No sabría decir de quién fue la culpa, si mía por no esperar a que terminaran con las explicaciones, o de la maquinera por no decirme lo primero de todo que había un vestidor. La cuestión es que allí estaba yo al lado de la máquina de hacer las resonancias, con los pantalones a la altura de los tobillos y la chica mirándome con los ojos desorbitados. Y no, desde luego no era por el tamaño de mi miembro viril (que seguía adecuadamente oculto, gracias a que por alguna razón desconocida aquel día llevaba unos gallumbos con la goma nuevecita y no se me caían al bajarme los pantalones), sino más bien, intuyo, por la facilidad con que me había empezado a desnudar delante suya: la primera vez que nos veíamos, sin habernos tomado siquiera un café y sin habernos dicho que nos queríamos. Lo reconozco, soy un hombre fácil.

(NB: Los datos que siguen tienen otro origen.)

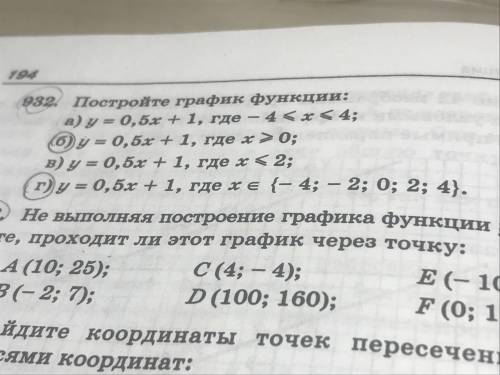 решить ) б.) у=0,5х+1, где х>\= (больше или равно) 0 г.) у=0,5х+1, где х €(принадлежит) {-4; -2;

Después de recuperar la compostura (sin molestarse en mirar a otro lado, eso sí, porque uno no tendrá mucha vergüenza pero tampoco está de mal ver [y sí, esto es publicidad descarada, pero como es mi blog, puedo]), terminó de explicarme las cosas de la maquinita mientras yo me ponía el pijama médico y me colocaba en la máquina. Después de eso sigue media hora de sonidos del tipo toc, toc, toc toc, toc, toc, tac, tac, tac, tac, tac, toc, tac, tooc, tooc, tooc, taac, taac, taac, toc, toc, toc toc, toc, toc, tac, tac, tac, tac, tac, toc, tac, tooc, tooc, tooc, taac, taac, taac, y bueno, os haréis a la idea. Yo me sentía casi en una rave de hardcore techno de ese.
Finalmente acabé, me vestí (en la intimidad, eso sí) y la chica me dio conversación un ratillo preguntándome sobre la rodilla y si podía girarla así o asá. Si es que no hay nada como un poquito de conversación y un cigarrito después de hacer… una resonancia.